Regular screening should start at age 45, or earlier if you have a:
- personal history of colorectal cancer, certain types of polyps, inflammatory bowel disease (ulcerative colitis or Crohn’s disease), or receiving radiation in the abdomen (belly) or pelvic area to treat a prior cancer
- family history of colorectal cancer
- confirmed or suspected hereditary colorectal cancer syndrome, such as familial adenomatous polyposis (FAP) or Lynch syndrome
Continue regular screening:
- through age 75 if you are healthy and expect to live more than 10 years
- from ages 76 to 85, depending on your personal preferences, life expectancy, health, and screening history. After age 85, you no longer need colorectal cancer screening.

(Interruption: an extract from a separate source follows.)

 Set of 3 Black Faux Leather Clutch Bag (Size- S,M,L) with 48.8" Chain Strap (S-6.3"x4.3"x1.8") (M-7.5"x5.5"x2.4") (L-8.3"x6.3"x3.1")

Lung cancer is the second most common cancer in men and women and the leading cause of cancer death. Found early, it may be treated successfully. The United States Preventive Services Task Force recommends yearly lung cancer screening with low-dose computed tomography (LDCT) for people who:
- Have a 20 pack-year* or more smoking history, and
- Currently smoke or have quit within the past 15 years, and
- Are between ages 50 and 80 years
*A pack-year is smoking an average of one pack of cigarettes per day for one year. Smoking one pack a day for 20 years or two packs a day for 10 years equals a 20 pack-year history.

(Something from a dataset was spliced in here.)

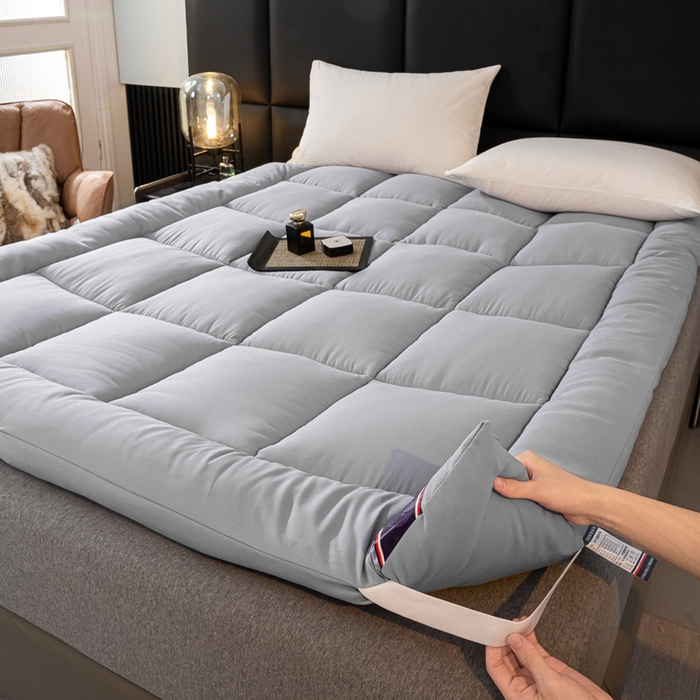 91家纺网 家纺一手货源 找家纺 憨豆家纺 2026新款酒店羽丝绒床垫学生宿舍单人床褥超厚榻榻米垫子不塌陷被褥可折叠 宇宙灰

Skin cancer is the most common cancer in the United States and worldwide, affecting 1 in 5 Americans by age 70. The two most common—and curable—types of skin cancer are basal and squamous cell carcinomas. Melanoma is the deadliest.
Screening for skin cancer entails a yearly, full-body, skin exam (more often if you are high-risk), during which your dermatologist will check for:
- moles, birthmarks, or other areas that look abnormal in color, size, shape, or texture
- a new growth or sore that doesn’t heal
- a mole that changes
Recognizing the signs of melanoma is especially important. These A-B-C-D-Es can help:
- Asymmetry: Is a mole or spot irregularly shaped with two very different looking parts?
- Border: Is the border irregular or jagged?
- Color: Is the color uneven?
- Diameter: Is a mole or spot larger than the size of a pea?
- volution: Has a mole or spot changed during the past few weeks or months?
Prostate cancer is the second leading cancer death among American men after lung cancer. Most prostate cancers are detected when confined to the prostate, and treatment success rates exceed those of most other cancers. Still, there are aggressive forms of the disease, which is why you and your doctor must carefully weigh the benefits of screening. We urge you to learn about the uncertainties, risks, and potential benefits of prostate cancer screening and discuss it with your doctor at age:
- 50 if you are at average risk for prostate cancer and expect to live at least 10 more years
- 45 if you are at high risk, which includes being African American or having a father or brother diagnosed with prostate cancer before age 65
- 40 if you have more than one first-degree relative who had prostate cancer at an early age
The two most common forms of screening are the prostate-specific antigen (PSA) blood test, and the digital rectal exam (DRE), which indicates if your prostate is enlarged or irregular. If screening detects no prostate cancer, then the results of your PSA blood test will determine whether you should be retested yearly or every two years.